National Right to Work Act and the 115th Congress Fact Sheet

The National Right to Work Act is a very simple bill with one purpose: To give individual workers the freedom to decide for themselves whether or not a labor union deserves their financial support, as they can for any other private organization.

The National Right to Work Act would not add a single word to federal law. It would simply repeal five provisions in the National Labor Relations Act (NLRA) and one in the Railway Labor Act (RLA) that authorize the firing of workers for refusal to pay union dues or fees to union officials.

Under current federal law, unions can strip workers of the right to represent themselves, then force those workers to pay for the union’s so-called “representation,” which the workers don’t want, didn’t ask for and believe they would be better off without.

That cannot be allowed to remain the status quo.
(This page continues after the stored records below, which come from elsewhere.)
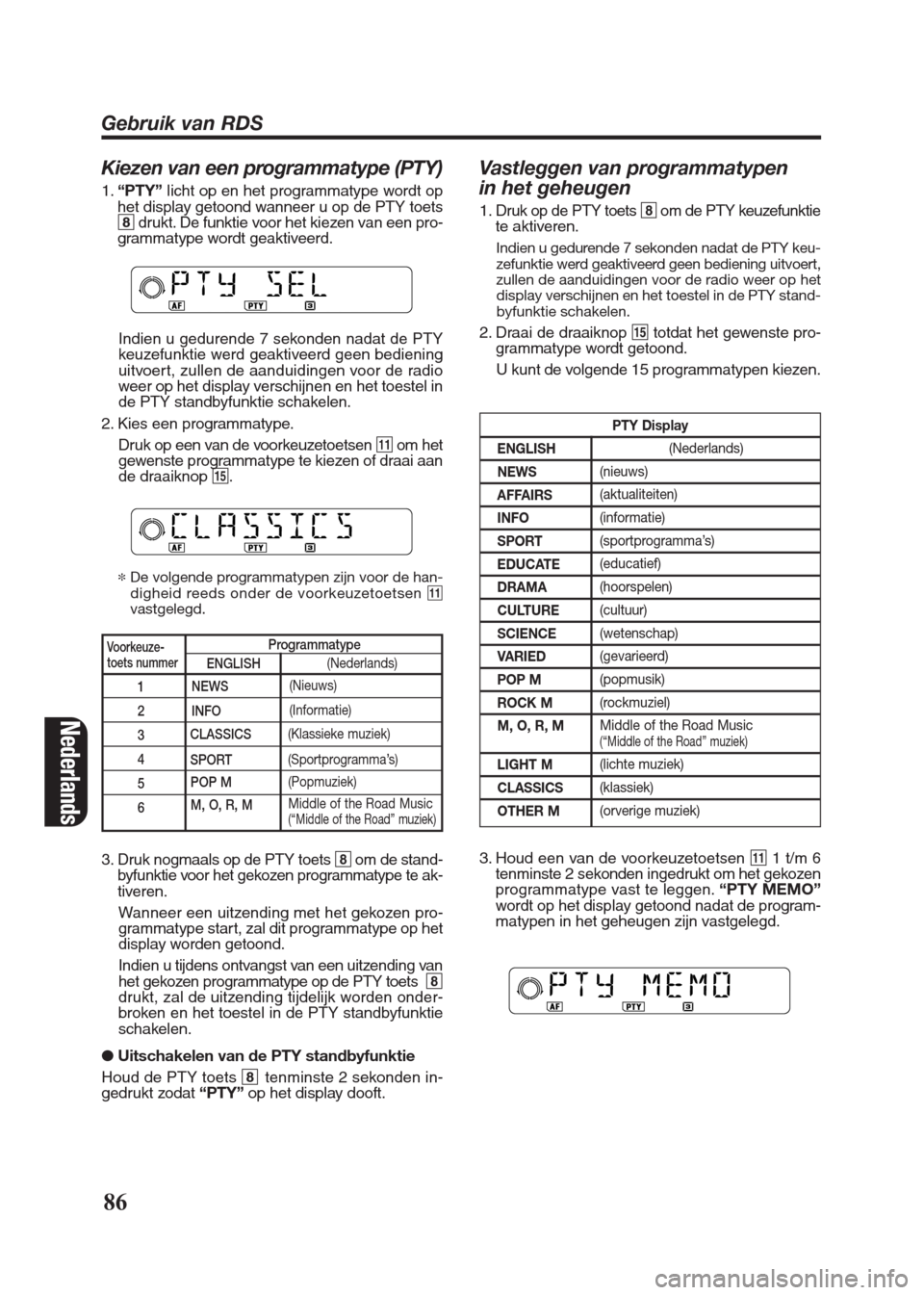 FIAT SEICENTO 2008 1.G Clarion PU2312 Manual Kiezen van een programmatype (PTY)
1.“PTY”licht op en het programmatype wordt op
het display getoond wanneer u op de PTY toets
8drukt. De funktie voor het kiezen van een pro-
grammatype wordt geak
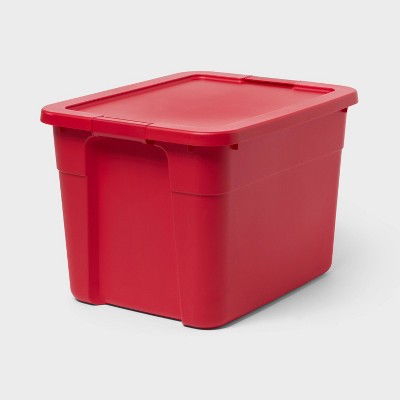 20gal Latching Christmas Storage Tote with Lid Red - Brightroom (LOCAL PICKUP ONLY)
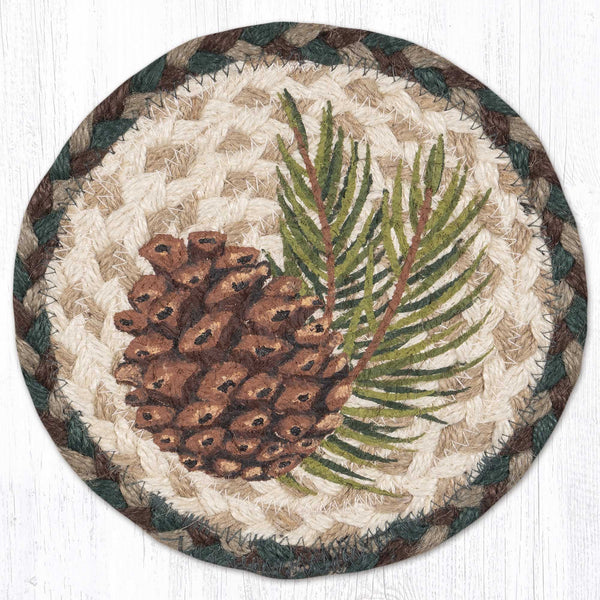 LC-577 Graphic Pinecone Round Large Coaster 7"x7"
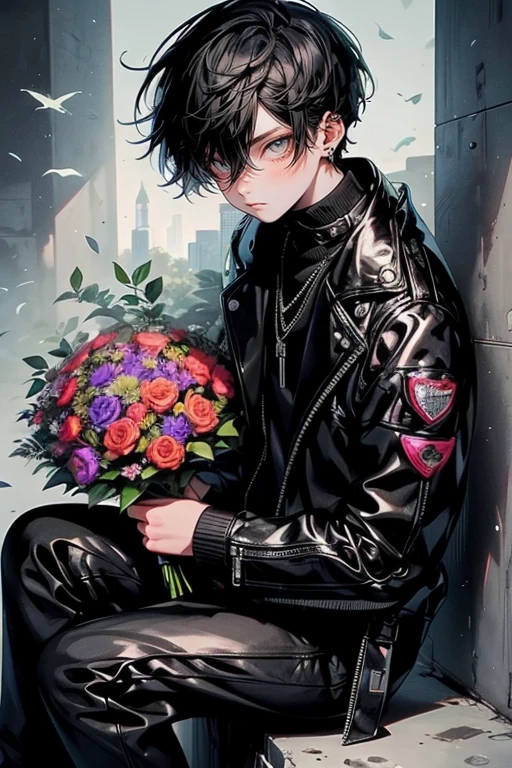 1boy,solo,cool,black hair,short hair,black leather jacket, sitting a stairs,has a flower bouquet,holding colorful bouquet of flowers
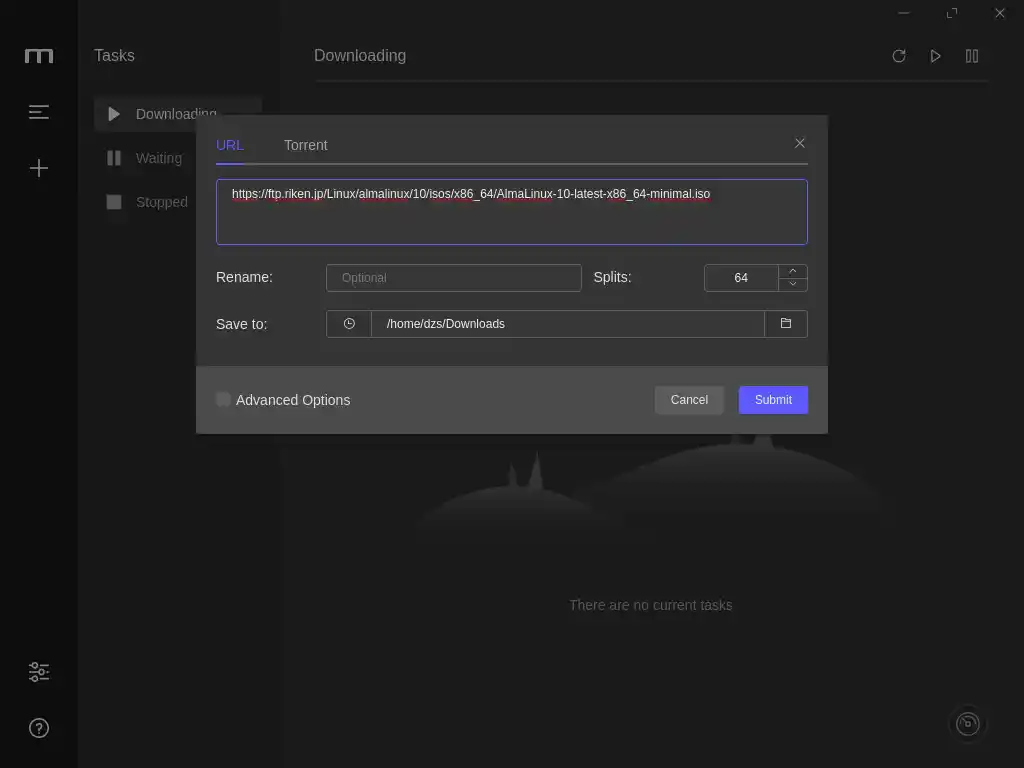Motrix letöltéskezelő: egyszerű és gyors megoldás Windowsra, Linuxra és macOS-re 1 Motrix letöltéskezelő főképernyő Linux alatt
Because Big Labor’s forced-dues privilege gives them illicit power far in excess of their public support, repealing this monopoly power may be a difficult battle. But as we’ve seen time and again, freedom and prosperity are worth fighting for. And the American people consistently reward those who fight for them.

Forced Dues Compound Injustice of Forced Union Representation

Compulsory union dues are actually only half of a double-pronged attack on employee freedom by federal labor law.

Under the NLRA and RLA, individual employees subject to forced-dues payment are also barred from bargaining with their employer on their own behalf, as well as from being represented by any organization other than their federally-sanctioned “exclusive” bargaining agent.
The fact is, as thousands of complaints filed with the National Labor Relations Board (NLRB) every year by abused workers attest, many union officials systematically abuse their monopoly bargaining power.

For example, in one NLRB complaint reprinted in the newsletter Labor Relations Ink, a metal worker in Golden, CO, charged that he had been fined $50,000 by his union monopoly bargaining agent for exercising his legal right to resign from the union and return to his job during a strike. His hourly pay at the time was $17.29!

Under current law, employees who are subject to such abusive tactics by union officials cannot withhold dues in protest — that is, stop paying for forced-union representation that is obviously contrary to their best interest — unless they are prepared to be fired from their jobs.

In addition to workers who are singled out for punishment by vengeful union officials, countless others are harmed simply because their talents don’t serve Big Labor’s agenda.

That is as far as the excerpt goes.